Some of the charges raised against Father Wall when he was captured, were that he had said Mass, heard confessions, and received converts into the Church. He was accidentally found, in December 1678, at the house of a friend, Mr Finch of Rushock, and carried off by the sheriff's officer. He was committed to Worchester (sic) jail, and lay captive for five months, enduring patiently all the loneliness, suffering, and horrors of prison life, which at that time were scarcely less dreadful than death itself.


The Franciscan website makes his entanglement with the Popish Plot clear:
He remained there for 22 years ministering to the Catholics of the area. In 1678 he went to London to meet the Jesuit Claude de la Colombière, and the two spoke together of their desire for martyrdom. The context of this meeting was the renewed persecution that was unleashed in the wake of the incriminating lies of Titus Oates and his invented Catholic plot against King Charles II. 
Returning from this encounter, John was staying with a friend in Rushock Court. There he was mistaken for one of the so-called plotters, Francis Johnson, and arrested. . . . .
Back to the Roman Catholic Saints website:

One of Father Wall's brethren in religion, Father William Levison, has the privilege of seeing the martyr for the space of four or five hours on the day before his execution. Father William tells us:
"I heard his confession and communicated him, to his great joy and satisfaction. While in prison he carried himself like a true servant of his crucified Master, thirsting after nothing more than the shedding of his blood for the love of his God, which he performed with a courage and cheerfulness becoming a valiant soldier of Christ, to the great edification of all the Catholics, and admiration of all the Protestants."
Father Wall's martyrdom took place on Red Hill, overlooking the city of Worcester, on August 22, 1679. His head was kept in the convent at Douai until the French Revolution broke out and the community fled to England. What became of it, then, is not known.

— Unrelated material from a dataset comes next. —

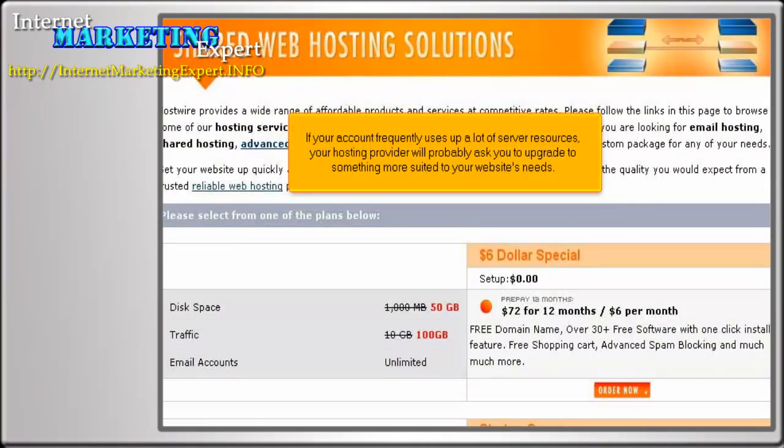If your account frequently uses up a lot of server resources, your hosting provider will probably ask you to upgrade to something more suited to your website's needs.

Saint John Jones, pray for us!
Saint John Wall, pray for us!

Top image credit: Used by permission of the webmaster: A stained glass depiction of Franciscan Saints above the high altar [at the former Chilworth Friary of the Holy Ghost]: at the extreme left is Blessed John Jones, at the extreme right Blessed John Wall (also known as Joachim of St Anne), both of whom are now canonised Saints.

Friday, April 17, 2015

An OFM Martyr in 1643

From the website of the OFM (Order of Friars Minor aka Franciscans) in Great Britain:

Henry Heath was born to Anglican parents in Peterborough. He undertook university studies in Cambridge where he was noted for his piety and perspicacity in religious matters. After gaining his degree he was appointed University Librarian which gave him the opportunity to read Catholic and Protestant authors on the matters of greatest concern to his faith. His reading of the Church Fathers led him to seek reconciliation with the Catholic Church.

He then moved to London and on to Douai in Flanders. There he met the friars of the Province of England who had opened St. Bonaventure College and Friary there in 1618. He asked to join the friars. The founder of the college and Provincial Commissary John Gennings, was understandably wary about accepting him. Henry was a recent convert and the English secret service was apt to use pretend converts to gain information on those training for the mission. Henry convinced Gennings of the authenticity of his faith and so was admitted to the novitiate in 1623 or 1624 at the age of 24. He was given the name Paul of St. Magadelene. His penitential life of fasting and extended contemplation gained him the respect of his confreres and he was known for his devotion to the crucified Jesus and his holy Mother. He was ordained a priest and became in turn Guardian, Novice Master, a lecturer in theology known for his Scotism, then Provincial Commissary of Flanders where he promoted the Recollect reform.

When persecution broke out once more in England, after the defeat of Charles I in the English Civil War, he asked to return home to support his suffering brothers and compatriots. At London he was mistaken for a criminal and arrested but when it was discovered that he was a priest he was condemned to death and confined in Newgate prison. There he continued to give consolation to his Catholic compatriots and heard confessions until on 17th April 1643 he was led to Tyburn and hanged. As he was led to the scaffold the prayer heard on his lips was: “Into your hands, O Lord, I commend my spirit”.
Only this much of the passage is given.